Anonymous ID: c9efdc Sept. 2, 2020, 9:11 p.m. No.10511550   🗄️.is 🔗kun   >>1562

>>10511297

Since everyone else has given you a shitty explanation thus far, I'll give you a go:

Thelema is the practice of inversion.

Crowley did a lot of "magick". Essentially, he just ate feces and spoke whole paragraphs backwards. Supposedly, he would do absolutely as much as possible backwards, but the reasoning for these things wan't ever really something I could grasp.

 

He did the whole trying to summon shit, trying to possess or be possessed and all kinds of other weird shit.
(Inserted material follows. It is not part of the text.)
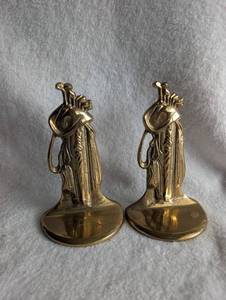 lot 2500 image: Brass Golf Bag Bookends Set - 2 ct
Overall, they enjoy him because he more or less just tricked people. This illusory magick is what inspires [them] in many ways. For instance, they clamor for reparations on behalf of nogs by adorn them in "golden chains"… Go ahead and think about that situation for a minute.

 

A big thing that Crowley understood regarded symbology. Of this, we can find references or uses of sigils, which Grant Morrison conveniently explains (although you should be warned that these men are two ENTIRELY DIFFERENT BEASTS and where I find Crowley largely revolting, I actually appreciate Morrison) in a very eerie fashion.

The Seven-sided star was Crowley's invention. Its inversion probably means little to anyone ill-informed, as the number seven is highly important. See, five is the number of the human condition, six represents illumination or ascension (that's maybe an ambiguous word to use…) and seven is the holy number, divine incarnate. See, inverting the seven means obscuring divinity or casting a shadow of divinity. Now you get to learn about the Kabbalah and the Chakras. The Serpents cast a shadow and one can climb up the ladder or down the ladder the same (or so it appears).

 

This is already getting long so I'm going to stop there and let you ask questions if you're still curious.